Required action:
Transcribe the data underneath exactly. No images belong in your version.
++++
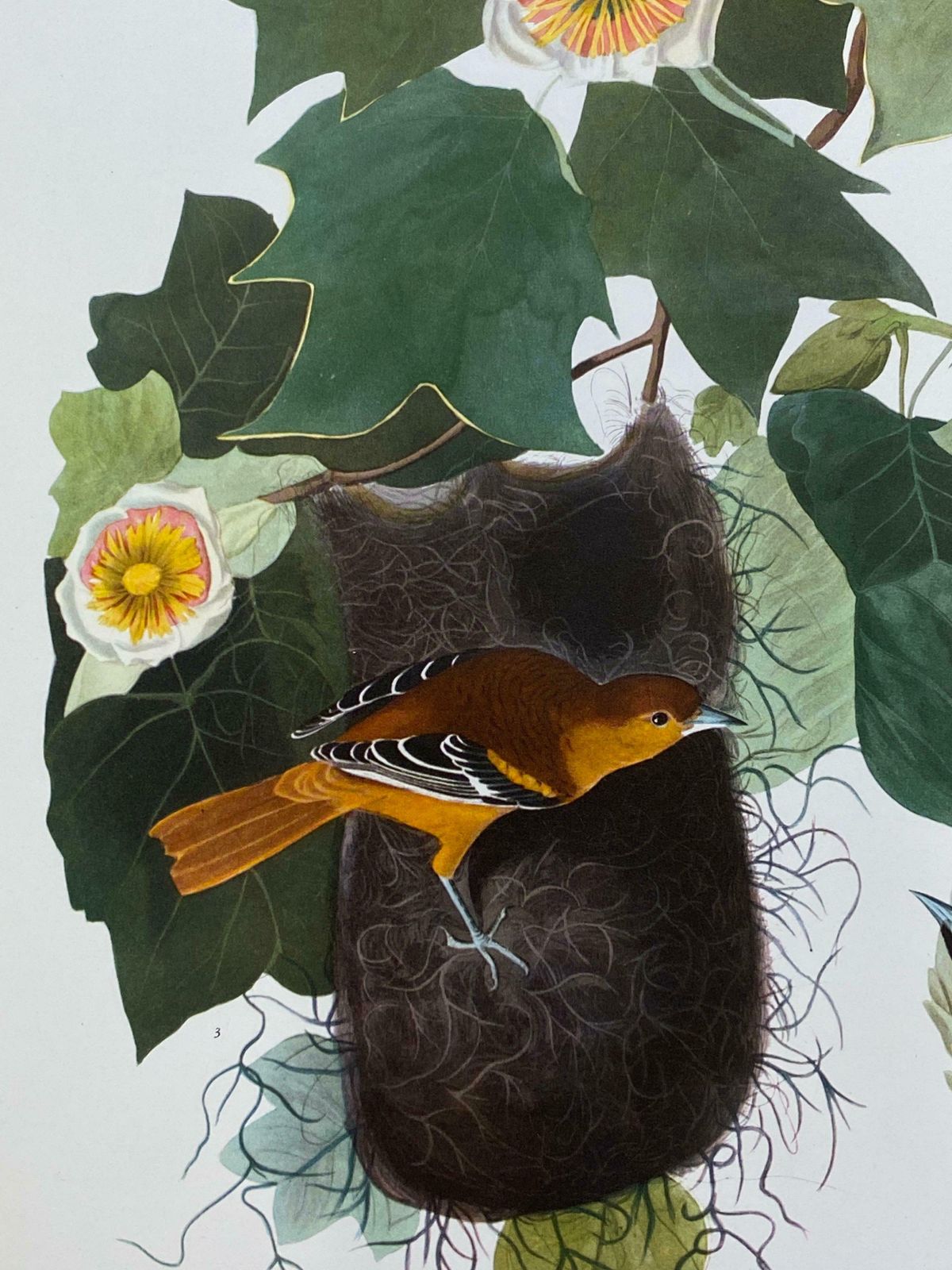 Large Classical Bird Color Print After John James Audubon   Baltimore Oriole20th Century photo furniture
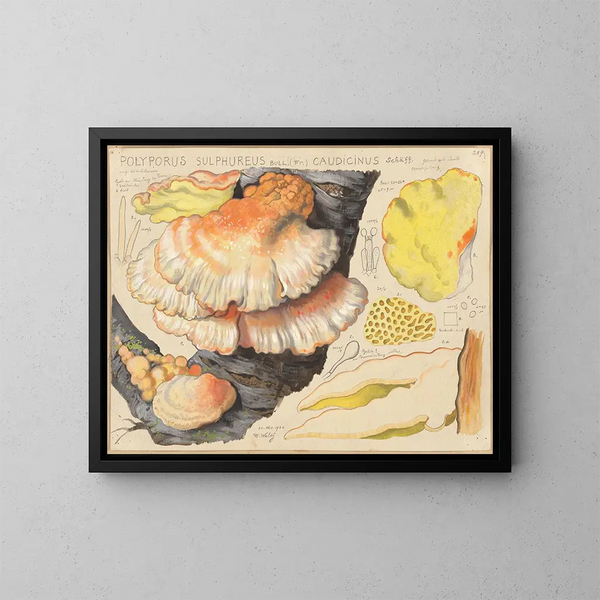 Polypore sulfuré - Hans Baldung — kehystetty taideteos seinällä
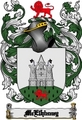 Thumbnail Mcelhinney Family Crest  Mcelhinney Coat of Arms Digital Download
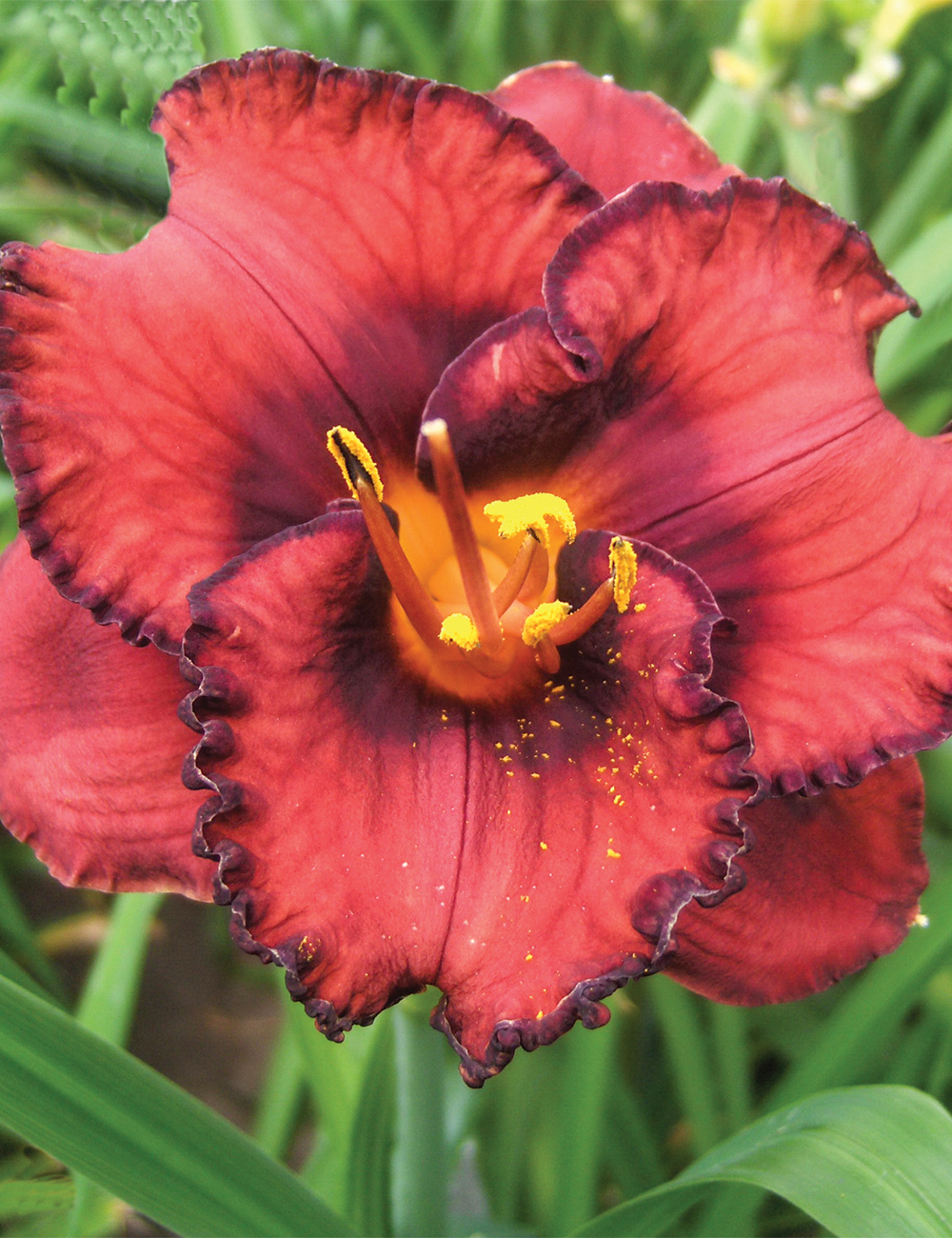 Reblooming Daylily 'Berrylicious'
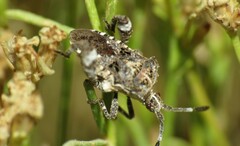 Merocoris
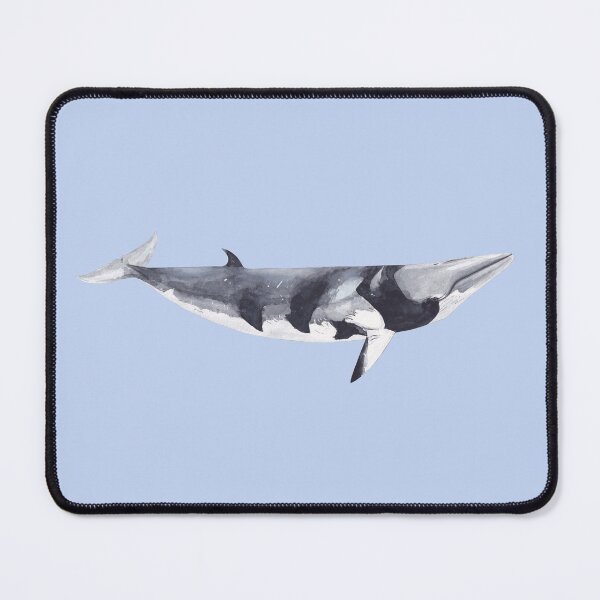 Item preview, MINKE WHALE-Balaenoptera acutorostrata designed and sold by BEATRIZ ABAITUA.
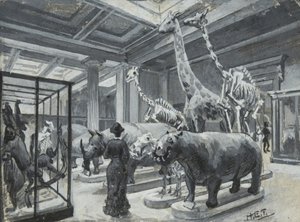 Hayvan sergileri içeren galeriyi gösteren British Museum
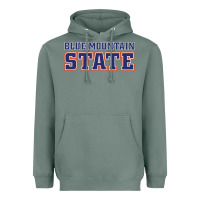 Sage blue mountain state Heavyweight Hoodie - artisFamous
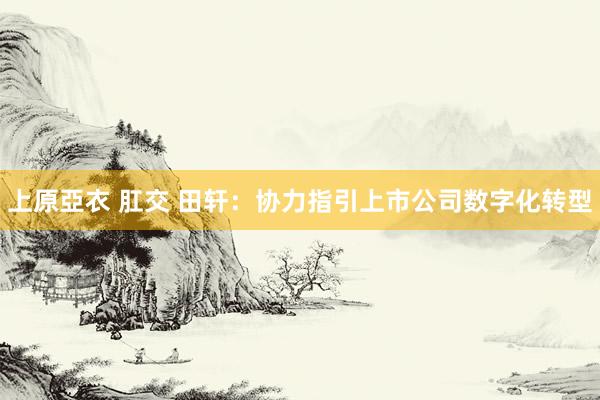 上原亞衣 肛交 田轩：协力指引上市公司数字化转型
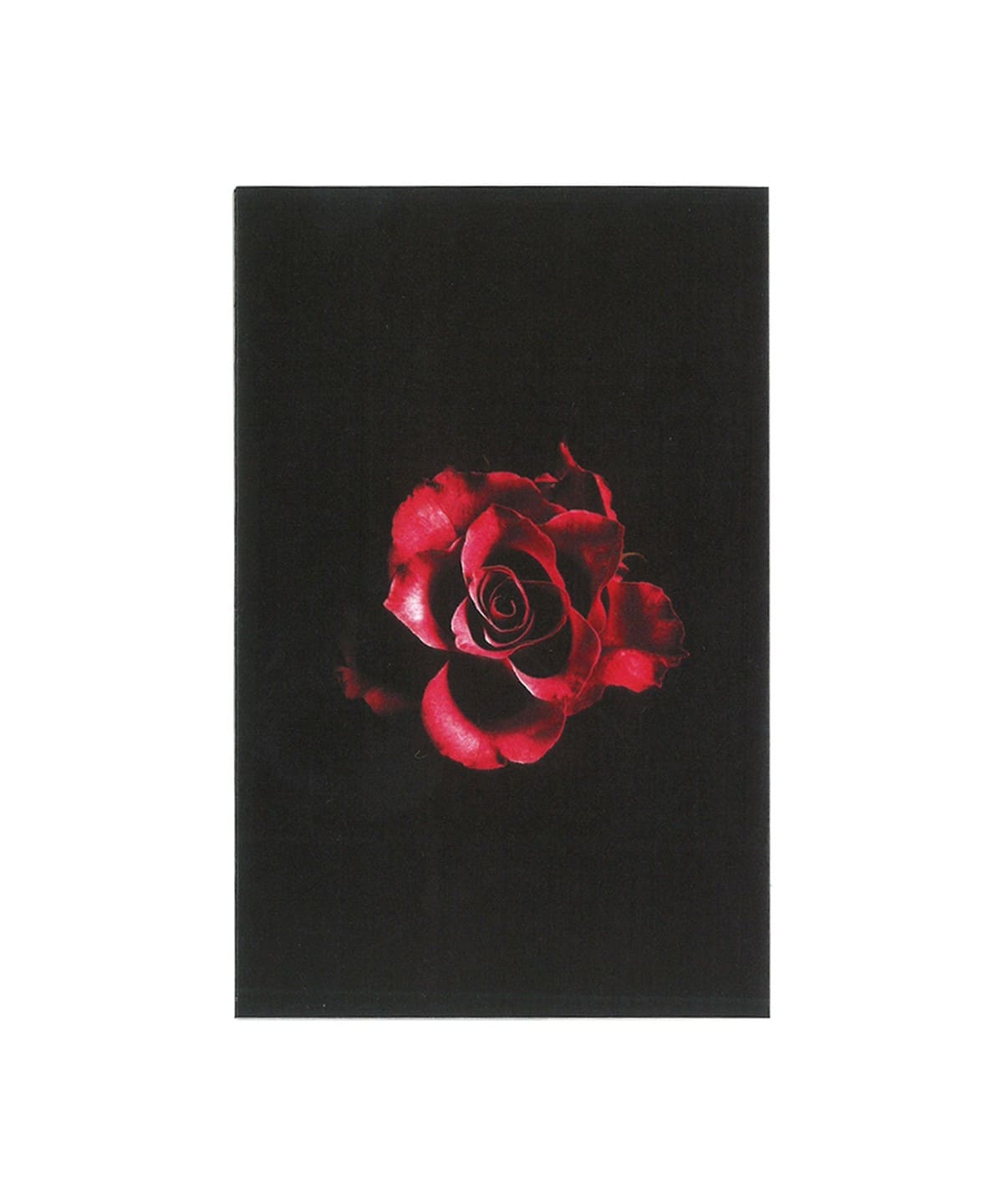 【CASSETTE】XL Middleton / For The Rose〈Mofunk Records〉 音楽・本 MEN CASSETTE ONE SIZE 【CASSETTE】XL Middleton / For The Rose〈Mofunk Records〉 音楽・本 MEN CASSETTE ONE SIZE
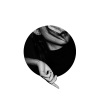 IAR Y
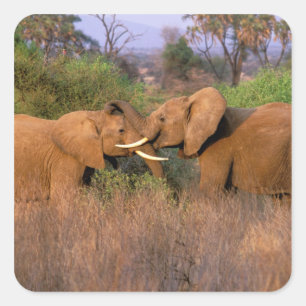 Sticker Carré Afrique, Kenya, Samburu. Défi de l'éléphant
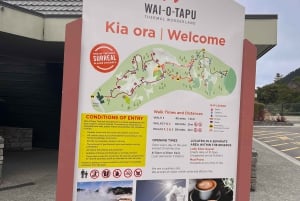 2 Días - HOBBITON, ROTORUA, TAUPO Y WAITOMO desde Auckland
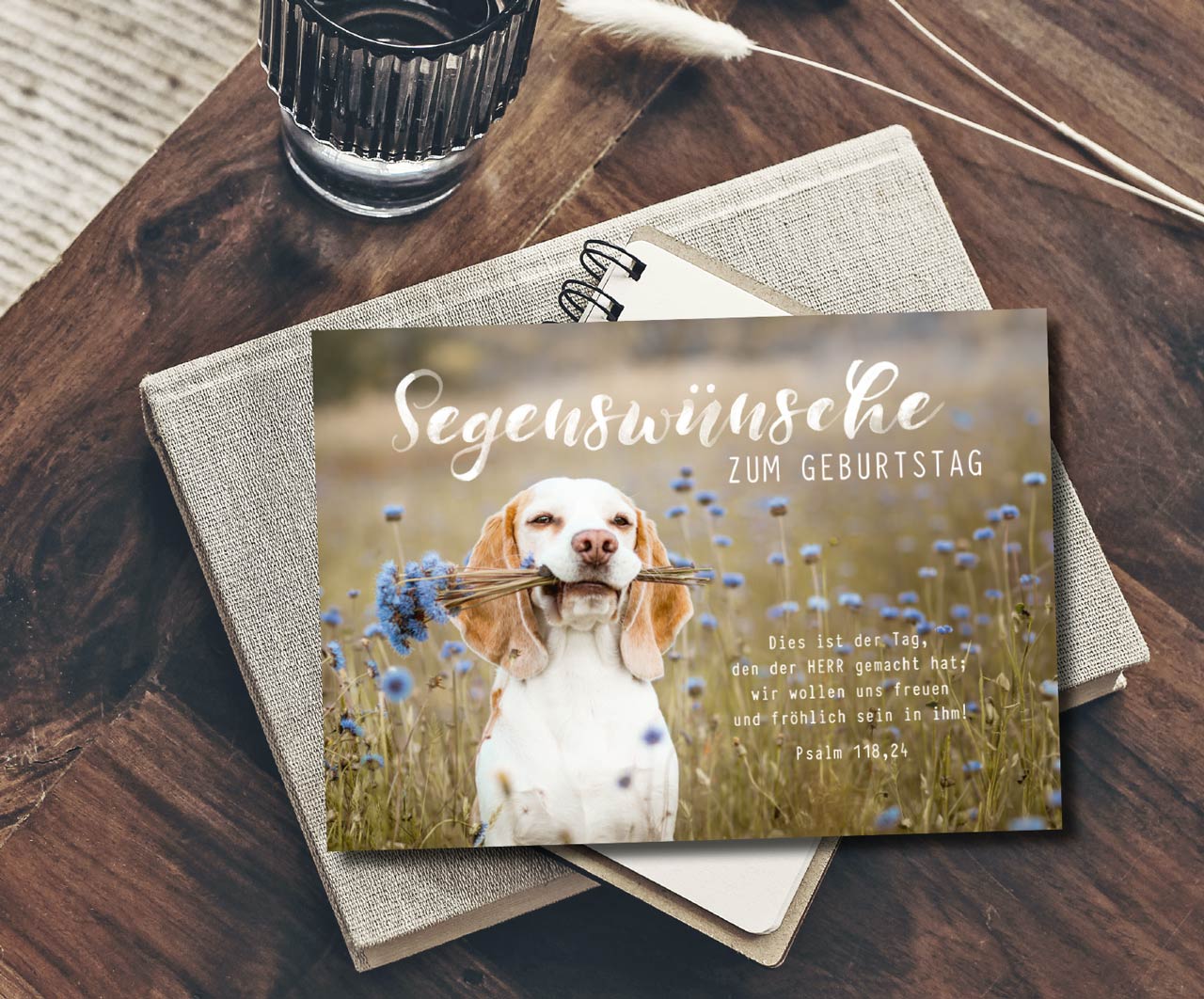 Postkarte süßer Hund zum Geburtstag -  Anlass: Geburtstag (14,8 x 10,5 cm)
++++
Response:
 Large Classical Bird Color Print After John James Audubon   Baltimore Oriole20th Century photo furniture
 Polypore sulfuré - Hans Baldung — kehystetty taideteos seinällä
 Thumbnail Mcelhinney Family Crest  Mcelhinney Coat of Arms Digital Download
 Reblooming Daylily 'Berrylicious'
 Merocoris
 Item preview, MINKE WHALE-Balaenoptera acutorostrata designed and sold by BEATRIZ ABAITUA.
 Hayvan sergileri içeren galeriyi gösteren British Museum
 Sage blue mountain state Heavyweight Hoodie - artisFamous
 上原亞衣 肛交 田轩：协力指引上市公司数字化转型
 【CASSETTE】XL Middleton / For The Rose〈Mofunk Records〉 音楽・本 MEN CASSETTE ONE SIZE 【CASSETTE】XL Middleton / For The Rose〈Mofunk Records〉 音楽・本 MEN CASSETTE ONE SIZE
 IAR Y
 Sticker Carré Afrique, Kenya, Samburu. Défi de l'éléphant
 2 Días - HOBBITON, ROTORUA, TAUPO Y WAITOMO desde Auckland
 Postkarte süßer Hund zum Geburtstag -  Anlass: Geburtstag (14,8 x 10,5 cm)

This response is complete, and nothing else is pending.